Discussion in 'General Electronics Chat' started by anhnha, Mar 9, 2016.

1. anhnha Thread Starter Active Member

Apr 19, 2012
776
48
I have to square wave signals with the same frequency where one is delayed compared to the other.
Put two signals to the input of a NAND gate (two inputs).
Is there way (maybe math) to see that the output signal of NAND gate also has the same frequency as the input signal?

2. Dodgydave AAC Fanatic!

Jun 22, 2012
5,167
777
You need an Oscilloscope to view the output, note a Nand gate will only go low when both inputs are high.

3. dannyf Well-Known Member

Sep 13, 2015
2,196
417
Unless the two signals are exactly out of phase, the output has the same frequency as the input but the duty cycle reflects the phase differential.

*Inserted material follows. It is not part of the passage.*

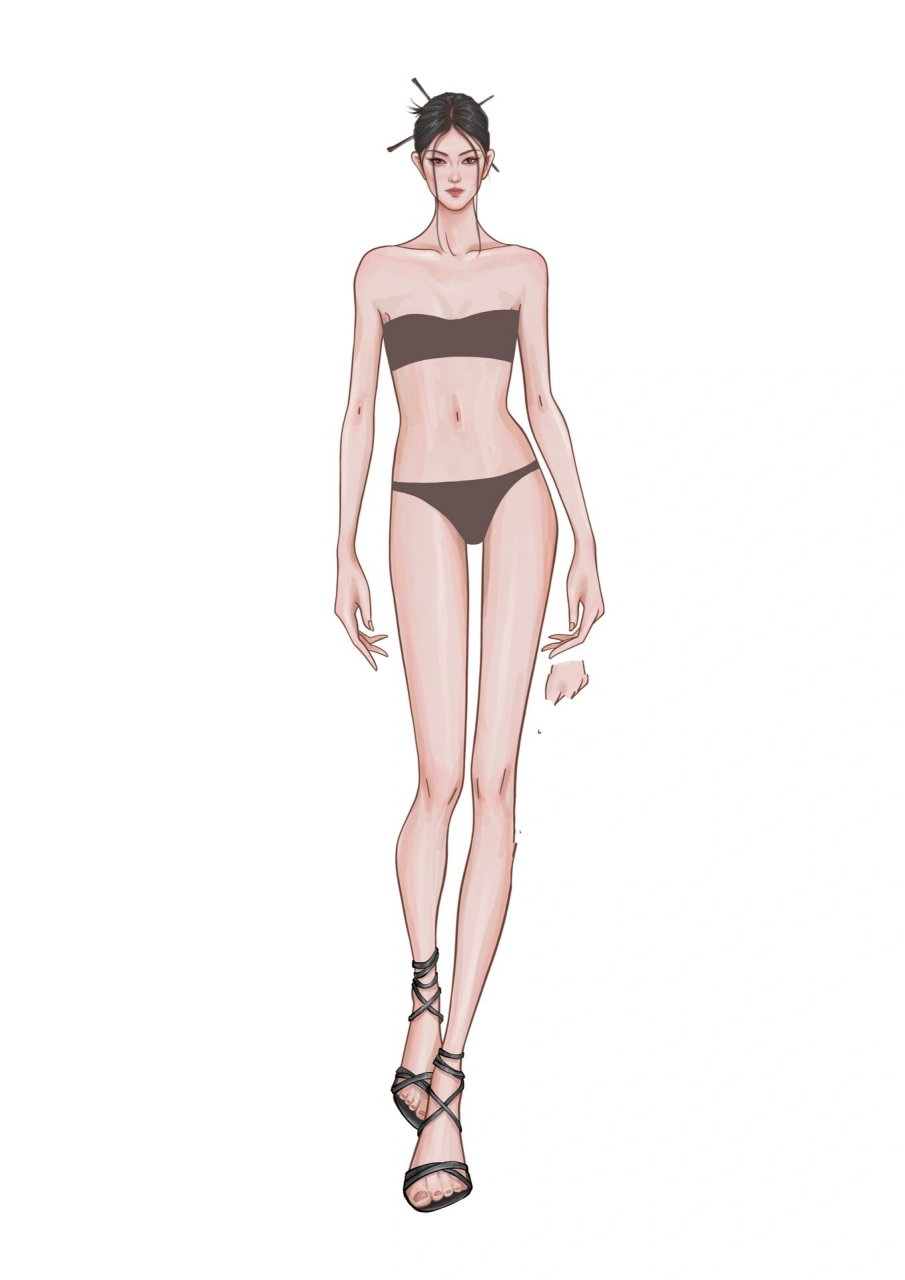 国风人体模特素材|手绘|矢量图 适合一些国风,新中式风格的服装设计.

4. anhnha Thread Starter Active Member

Apr 19, 2012
776
48
Well, is the a way to proof that in theory?

5. Tonyr1084 Active Member

Sep 24, 2015
637
112
Assume for a moment that you're feeding the square wave input to BOTH inputs of the 2 input NAND gate. Being a "NAND" it will have the exact same frequency as the input BUT at a phase shift of 180°. No need for math. Whatever the input frequency is the output frequency would be identical (with the exception of being out of phase).

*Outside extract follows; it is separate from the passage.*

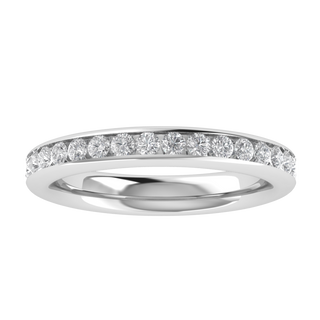 Channel Set Full Eternity Lab Grown Diamond 14K White Gold Wedding Band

In your question you state clearly that the second input is "the same frequency but delayed", out of phase with the first. The output frequency will still be exactly the same, only the duty cycle will vary. IF the second input frequency was delayed by 90° then the output would have a duty cycle of 25% high, 75% low. The frequency will remain the same, only the period in which the square wave (which is not symmetrically square) will change.

I'll draw a picture and post it shortly.

Below is a 2 in NAND gate. The square waves on the upper gate are in synchronous time. The output will be the exact opposite of the two synchronized inputs (as can be seen by the wave form on the output.

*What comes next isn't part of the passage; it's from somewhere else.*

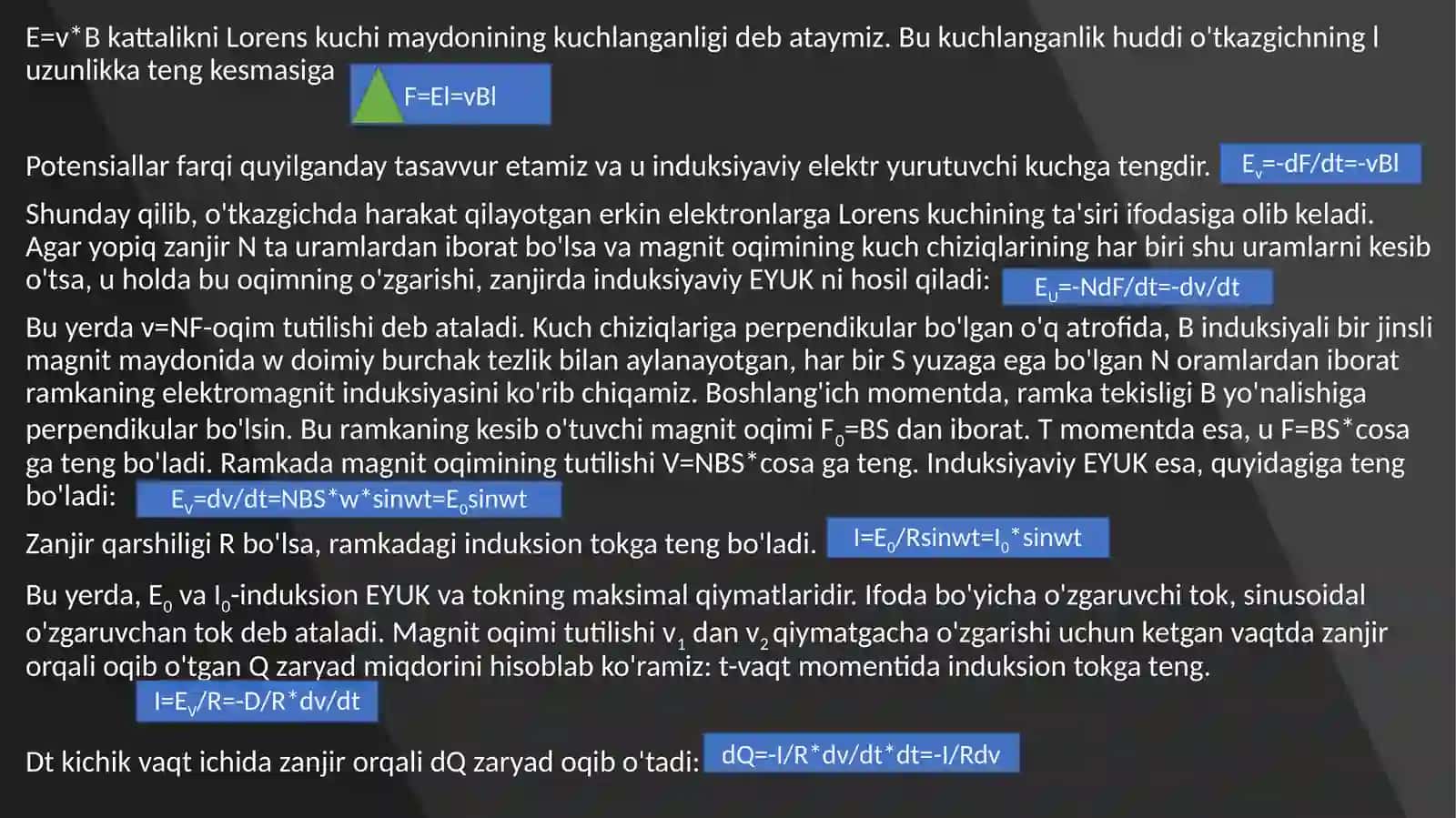 Faradeyning elektromagnit induksiyasi qonuni. Lens qoidasi 4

In the lower gate you see the two square waves have been shifted a little. Since you didn't specify how much delay I can't draw you an exact picture. Nevertheless, notice that the output is high most of the time. The ONLY time it goes low is when both inputs are high at the same time. No matter which way you shift the input waveforms you will get either an equal time high or a nearly always high. Remember, it takes two high inputs to get a low output. IF you use an AND gate then the signal will be low more of the time.

Last edited: Mar 9, 2016
anhnha likes this.
6. anhnha Thread Starter Active Member

Apr 19, 2012
776
48
Thank you. I've drawn some cases but I don't believe in myself!

7. Tonyr1084 Active Member

Sep 24, 2015
637
112
Here's another way of comparing the signals: (with truth table)

Last edited: Mar 9, 2016
anhnha likes this.
8. anhnha Thread Starter Active Member

Apr 19, 2012
776
48
Thank you for the help and nice pictures.

9. Tonyr1084 Active Member

Sep 24, 2015
637
112

The first drawing posted is slightly flawed. I did the second drawing to clarify. Then I edited it for greater clarity. Then I edited it again. And again. OK, I'm done now. I hope finally all things are clear. I tend to make more mess than I clean up sometimes.

If you have any further questions feel free to post them here. Someone will answer you, and probably clearer on the first go around.

anhnha likes this.
10. anhnha Thread Starter Active Member

Apr 19, 2012
776
48
Yes. The second drawing has time scale so it is easier to see the result. Thank you again!

11. AnalogKid Distinguished Member

Aug 1, 2013
4,709
1,301
Yes.

A .AND. B = C (don't know how to put in the symbol for a logical AND)

Thanks to Leibniz, Boole, and De Morgan, there are algebraic expressions for the basic logic gates that define their operation.

The truth table in post #6 is the answer. By the definition of what a NAND gate is, all four states will occur once each during each cycle. The exception noted in post #3 is possible in theory only at quantum-level timing. In practice with real-world parts it is slightly more possible to have an effective "tie" at the inputs and produce no output change, but the statement of the problem in post #1 eliminates this input condition.

ak

Last edited: Mar 9, 2016
12. hp1729 Well-Known Member

Nov 23, 2015
2,105
235
What math is needed? How can it be otherwise?